放課後、入部するのを楽しみにしていたアニメ研究部が部員不足のため休止中だと知り落ち込む坂道は、気を取り直し秋葉原へ出かけます。ただし、その手段は電車ではなくなんと自転車(ママチャリ)です。「ういた交通費でガシャポンが5回できる!」という理由で、車で1時間以上かかる距離を自転車で行くと言います。
そんな坂道の言葉を聞いた、同じ1年生で自転車競技部の今泉は「ただのアホだ」と相手にしません。しかし、坂道が実際に斜度20%の裏門坂をママチャリで、しかも鼻歌まじりで登っている姿を、今泉は目の当たりにすることになります。
この出会いが、これから坂道の高校生活をどのように変えていくのでしょうか。
自転車の奥深さを知っていく坂道
ここからネタバレです。全戦全勝を目標とする今泉は坂道の走りが気になり、自分が負けたらアニメ研究部に入るという条件をつけ裏門坂での競争を申し入れ、坂道はそれを受けます。
スタート前、小学3年生の時から毎週欠かさず自転車で秋葉原に通っていたと明かす坂道。アニメ研究部復活の強い希望を胸に秘め、坂道は勝ちを目指して勝負のスタートをこぎ出します。必死でペダルを回す坂道ですが、ハンデとして15分遅れでスタートした今泉にあっという間に追い抜かれ、心が折れかけます。
しかし、サドル位置を少し高くしただけで見違えるほど走りが変わり、再び今泉を追いかけることができます。また、ペダルをこぎまくる中で坂道は、徐々に自転車の奥深さと面白さに気づいていくのです。そして、坂道の目は今泉の背中をとらえます。
今後の展開は
さらにここで驚きの事実が判明します。坂道のママチャリは前ギアが極端に小さく、回転数をめちゃくちゃ上げないと進まないものでした。そんな自転車で毎週欠かさず往復90キロの秋葉原通いをしていたというのです。
そんな長年の習慣から知らず知らずのうち、坂道のペダルを回す力は普通ではマネできないものになっていたことがわかりました。
ついにレースは残り400メートル。追いすがる坂道を引き離そうと、今泉は本気の振り子ダンシングでスパートをかけます。一方、体は限界の坂道ですが、どうしても追いつきたいという強い思いがあふれ、さらにペダルを回し差を縮めながらゴールを目指します。
果たして、勝つのはどちらなのでしょうか。
まとめ
「弱虫ペダル」は本格的ロードレース漫画ですが、1巻では主人公の坂道は初心者どころか、乗っているのはまだママチャリです。
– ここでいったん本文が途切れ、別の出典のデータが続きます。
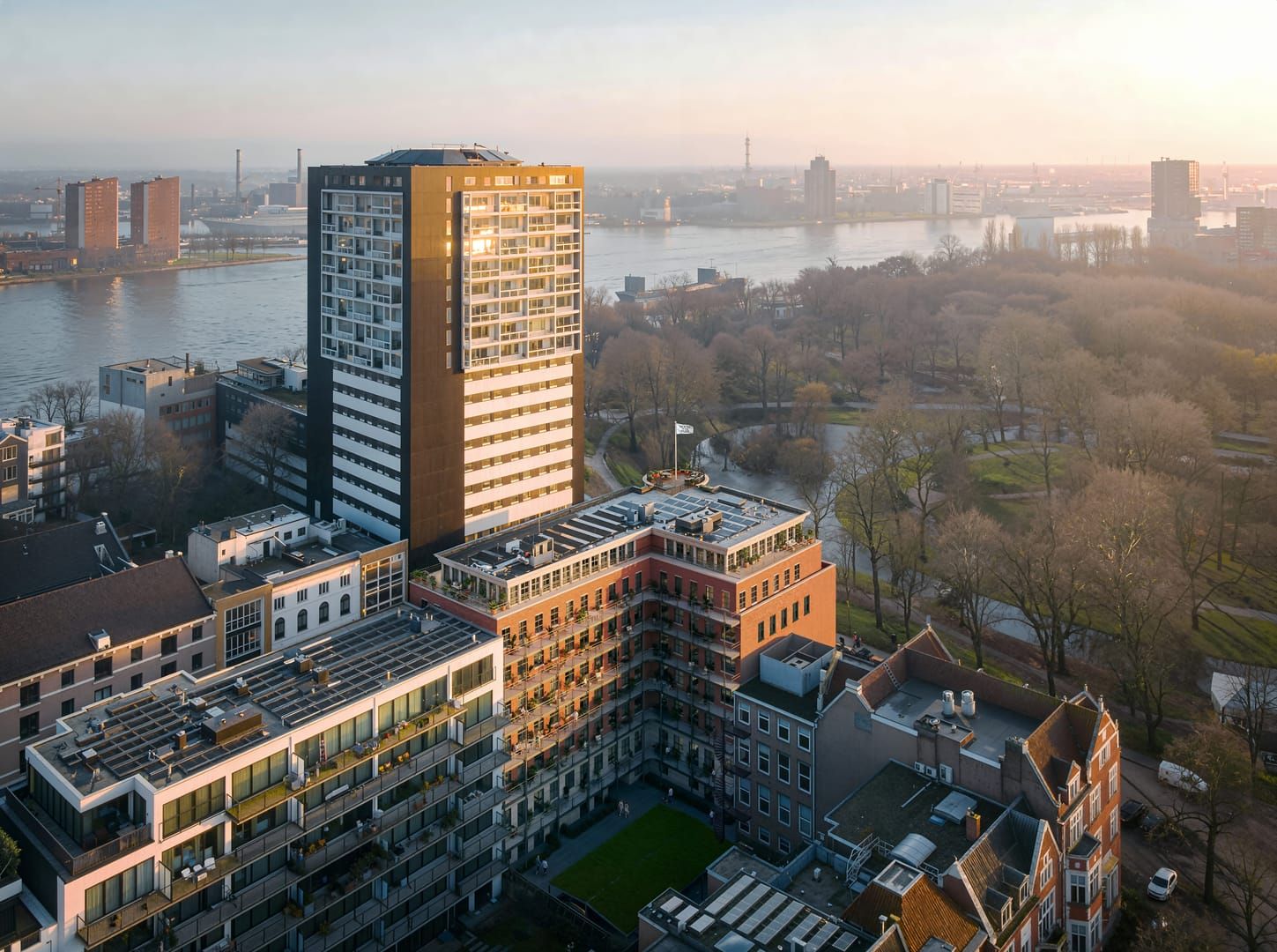 Westerlaan 5 House at the Park Penthouse 5 image 1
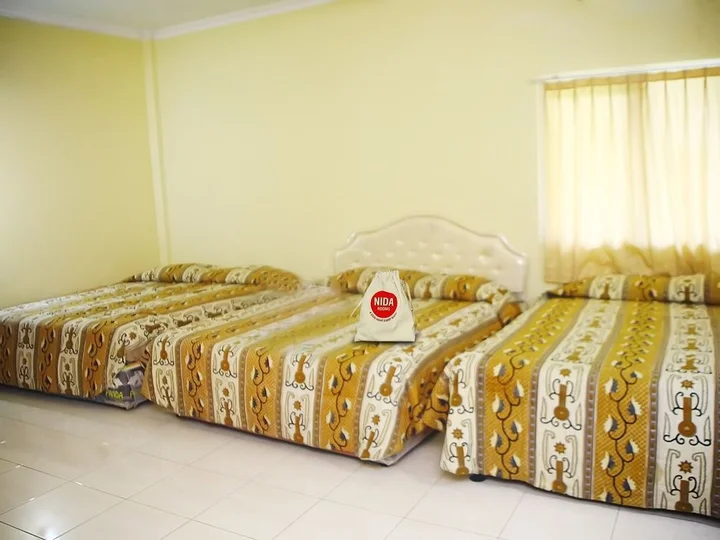 Батуретно: Hotel Queen Star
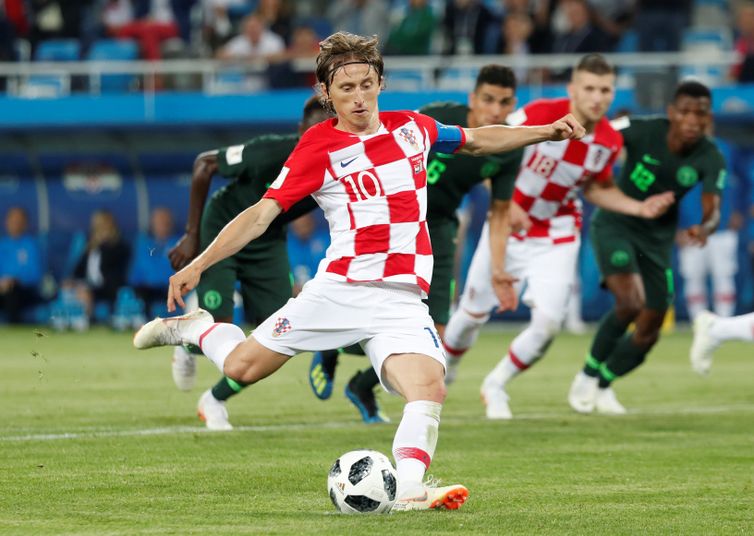 Copa 2018: Croácia e Nigéria. Luka Modric marca o segundo gol  da Croácia de pênalti.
ですが、秘めているポテンシャルはかなり大きいものだということは、あちこちから読み取れます。
この勝負の行方も気になるところですが、今後、坂道がどのようにロードレースにのめり込んでいくのか注目です。
また、この作品はキャラクターの葛藤や成長過程がレース展開に大きく反映されながら進んでいくので、深い人間ドラマとしても感情移入しっぱなしで読んでいけます。これからどのような仲間やライバルとの出会いがあり、どこまで成長していくのか、続きが楽しみな作品です。